New data types - summary and discussion

happybeing · December 19, 2024, 5:26pm

@dirvine, I’m glad to see progress on this. I’m not sure if my suggestion for changing the name of Transaction was considered (see “Transactions, the name” below)?

Also good to see that filesystem APIs are being considered/worked on.

I’ve been working on my own solutions for this (both library and app). It is important to get this and the other last minute APIs right, so I’m concerned this will - like registers - end up not being thought through in a rush to launch by end Jan. Perhaps this isn’t intended for that timescale, but regardless, perhaps it would help to do this work more publicly, and start engaging with the community and developers? That would give some time for third party developer input and testing, and could save us outsiders developing things unnecessarily.

Transactions - a chained type to replace CRDT Registers

Transactions, the name

Unrelated, I’d like to suggest a change in name for this type because Transactions are an application level concept. The name implies certain use cases that will get in the way of discovery and understanding for developers who can use this to record a sequential tree of anything.

I suggest a name that fits the underlying properties but isn’t already over loaded with meaning (or with misleading meaning anyway). Naming is hard!

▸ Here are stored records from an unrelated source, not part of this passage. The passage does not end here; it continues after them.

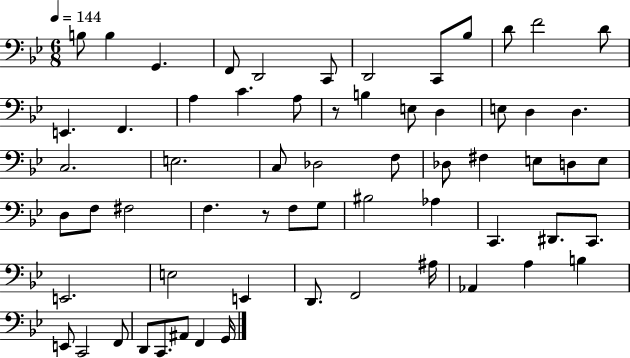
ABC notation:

X:1
T:Untitled
M:6/8
L:1/4
K:Bb
B,/2 B, G,, F,,/2 D,,2 C,,/2 D,,2 C,,/2 _B,/2 D/2 F2 D/2 E,, F,, A, C A,/2 z/2 B, E,/2 D, E,/2 D, D, C,2 E,2 C,/2 _D,2 F,/2 _D,/2 ^F, E,/2 D,/2 E,/2 D,/2 F,/2 ^F,2 F, z/2 F,/2 G,/2 ^B,2 _A, C,, ^D,,/2 C,,/2 E,,2 E,2 E,, D,,/2 F,,2 ^A,/4 _A,, A, B, E,,/2 C,,2 F,,/2 D,,/2 C,,/2 ^A,,/2 F,, G,,/4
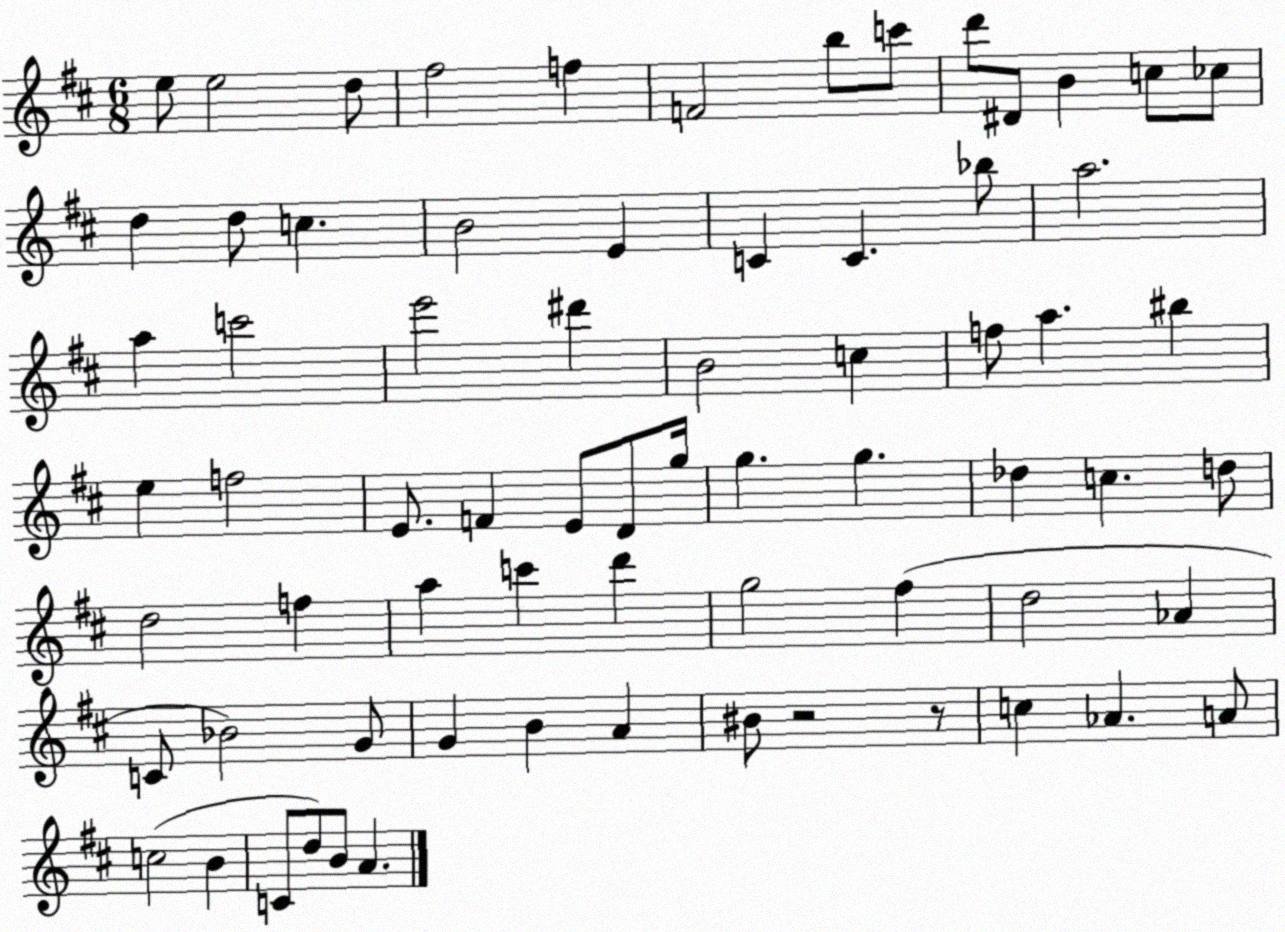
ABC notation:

X:1
T:Untitled
M:6/8
L:1/4
K:D
e/2 e2 d/2 ^f2 f F2 b/2 c'/2 d'/2 ^D/2 B c/2 _c/2 d d/2 c B2 E C C _b/2 a2 a c'2 e'2 ^d' B2 c f/2 a ^b e f2 E/2 F E/2 D/2 g/4 g g _d c d/2 d2 f a c' d' g2 ^f d2 _A C/2 _B2 G/2 G B A ^B/2 z2 z/2 c _A A/2 c2 B C/2 d/2 B/2 A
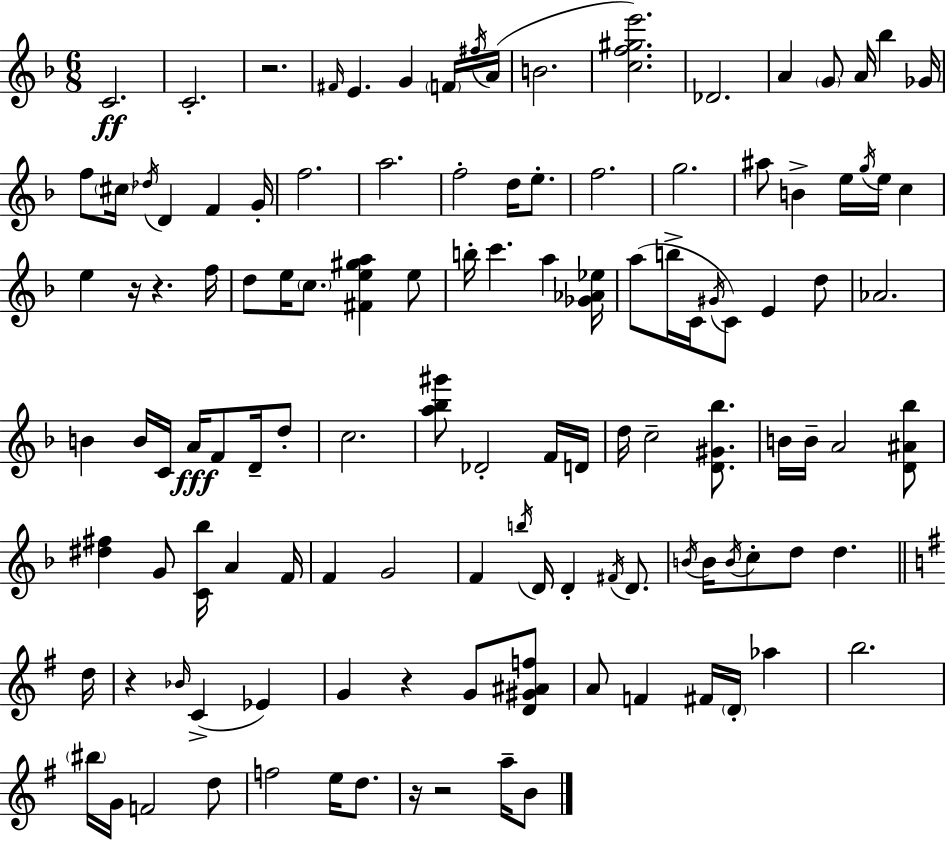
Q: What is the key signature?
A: D minor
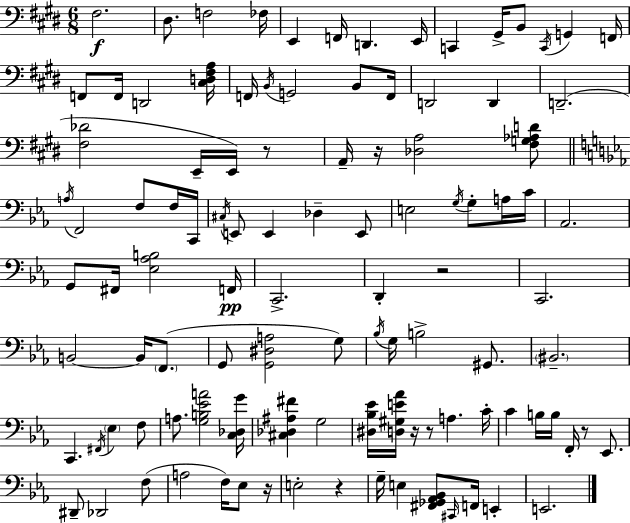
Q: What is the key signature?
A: E major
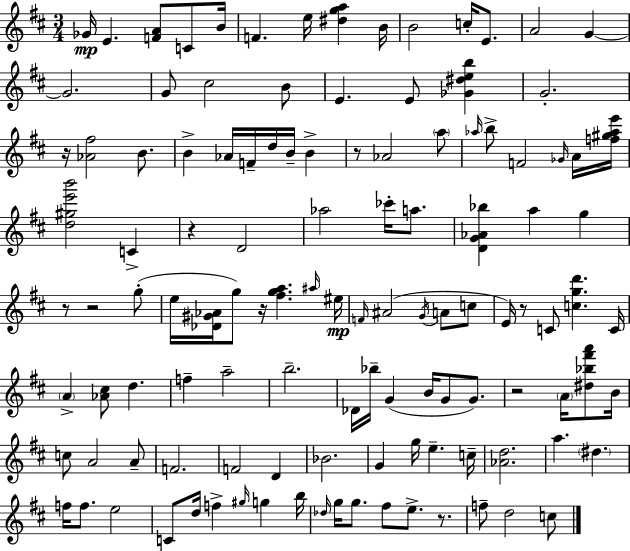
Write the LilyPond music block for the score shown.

{
  \clef treble
  \numericTimeSignature
  \time 3/4
  \key d \major
  ges'16\mp e'4. <f' a'>8 c'8 b'16 | f'4. e''16 <dis'' g'' a''>4 b'16 | b'2 c''16-. e'8. | a'2 g'4~~ | \break g'2. | g'8 cis''2 b'8 | e'4. e'8 <ges' dis'' e'' b''>4 | g'2.-. | \break r16 <aes' fis''>2 b'8. | b'4-> aes'16 f'16-- d''16 b'16-- b'4-> | r8 aes'2 \parenthesize a''8 | \grace { aes''16 } b''8-> f'2 \grace { ges'16 } | \break a'16 <f'' gis'' aes'' e'''>16 <d'' gis'' e''' b'''>2 c'4-> | r4 d'2 | aes''2 ces'''16-. a''8. | <d' g' aes' bes''>4 a''4 g''4 | \break r8 r2 | g''8-.( e''16 <des' gis' aes'>16 g''8) r16 <fis'' g'' a''>4. | \grace { ais''16 } eis''16\mp \grace { f'16 }( ais'2 | \acciaccatura { g'16 } a'8 c''8 e'16) r8 c'8 <c'' g'' d'''>4. | \break c'16 \parenthesize a'4-> <aes' cis''>8 d''4. | f''4-- a''2-- | b''2.-- | des'16 bes''16-- g'4( b'16 | \break g'8 g'8.) r2 | \parenthesize a'16 <dis'' bes'' fis''' a'''>8 b'16 c''8 a'2 | a'8-- f'2. | f'2 | \break d'4 bes'2. | g'4 g''16 e''4.-- | c''16-- <aes' d''>2. | a''4. \parenthesize dis''4. | \break f''16 f''8. e''2 | c'8 d''16 f''4-> | \grace { gis''16 } g''4 b''16 \grace { des''16 } g''16 g''8. fis''8 | e''8.-> r8. f''8-- d''2 | \break c''8 \bar "|."
}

At first I thought ‘Step’, rather than Link or ChainLink which are already used heavily but might still be worth considering. Maybe there’s a better term.

For my API I came up with History and would be content to let you adopt that for an API which creates a history for given data-types based on Transactions. The point is that you can have a history of anything so I chose Trove (collection of valuable stuff) for the underlying unit and so have:

Trove a trivial trait you implement on anything you wish to create and manage a history for.

TroveHistory<T> as a templated type so you can create and find entries using a templated API for your type.

FileTree, a ready to use struct for storing a tree of files or a website, for which TroveHistory<FileTree> provides the API for managing its history, or similarly for any developer defined type.

Details are in docs.rs as of yesterday (here). Not usable by third parties yet but working in awe. It uses Registers for but will be easy to refactor for Transactions when they appear, or if you wish to include a History style API directly in the autonomi crate and steal the terminology I’ll be fine with that. If so, I would though like you to keep the Trove trait as so that the TroveHistory<T> can specify the type using the first element in the chain.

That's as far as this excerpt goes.